Data below below:

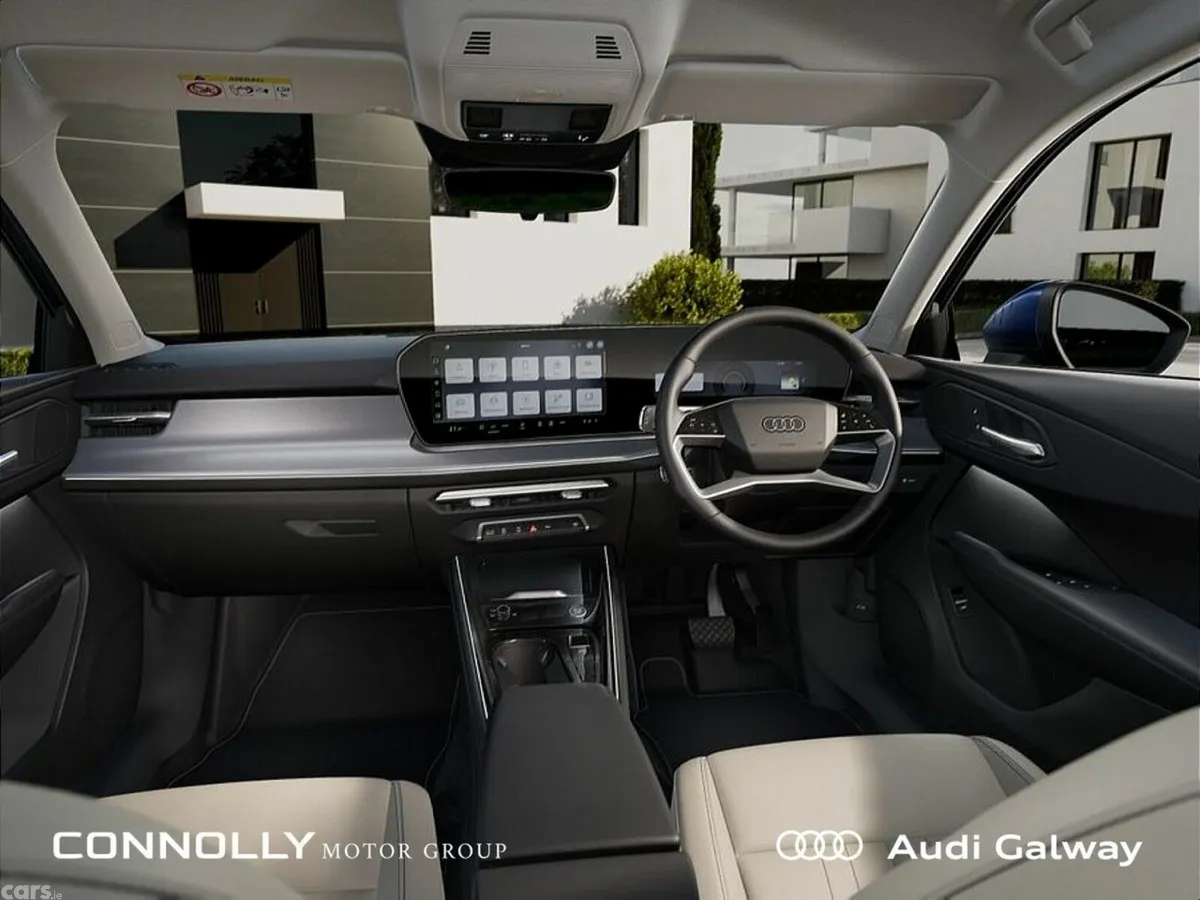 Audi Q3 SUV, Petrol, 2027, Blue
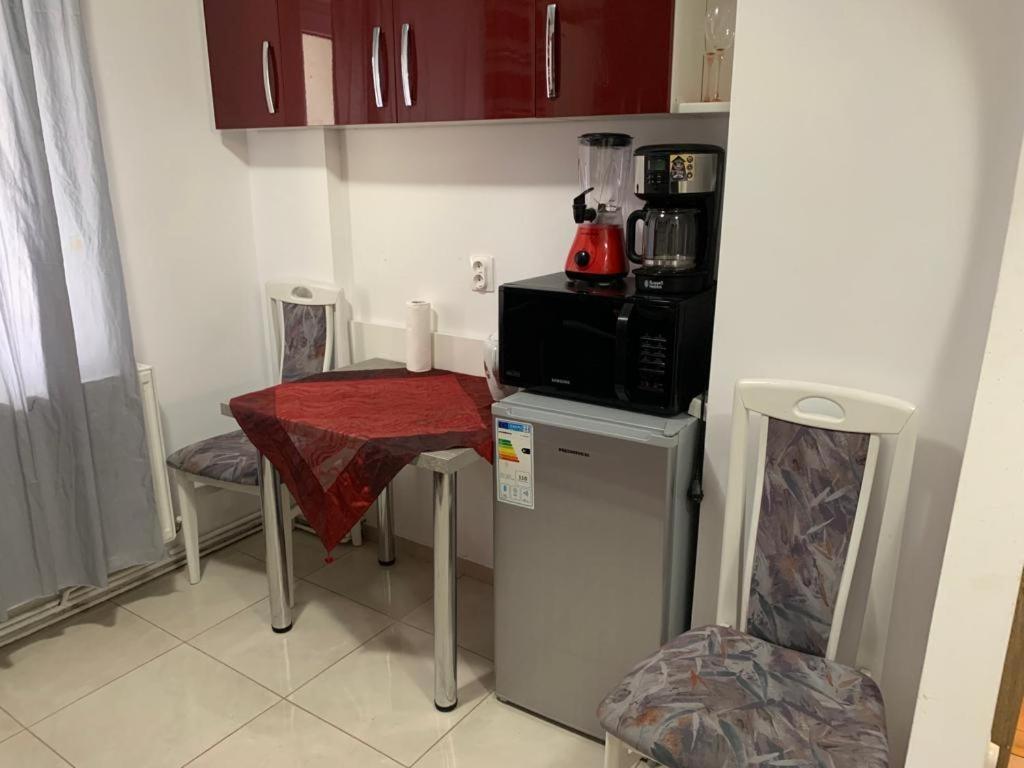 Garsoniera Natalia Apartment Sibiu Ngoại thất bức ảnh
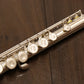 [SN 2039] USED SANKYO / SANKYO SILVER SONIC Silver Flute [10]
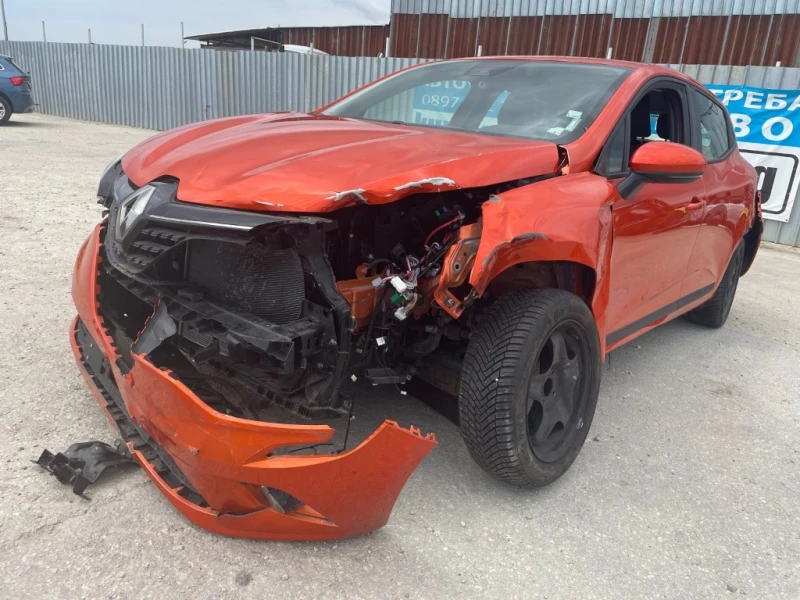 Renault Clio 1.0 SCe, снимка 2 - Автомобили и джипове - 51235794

End of Data below.

* **Task prompt**
All lines from the line with "Garsoniera Natalia Apartment" through the final line of the listing are to be printed exactly, both ends included; the pictures are not.

* **Exercise response**
 Garsoniera Natalia Apartment Sibiu Ngoại thất bức ảnh
 [SN 2039] USED SANKYO / SANKYO SILVER SONIC Silver Flute [10]
 Renault Clio 1.0 SCe, снимка 2 - Автомобили и джипове - 51235794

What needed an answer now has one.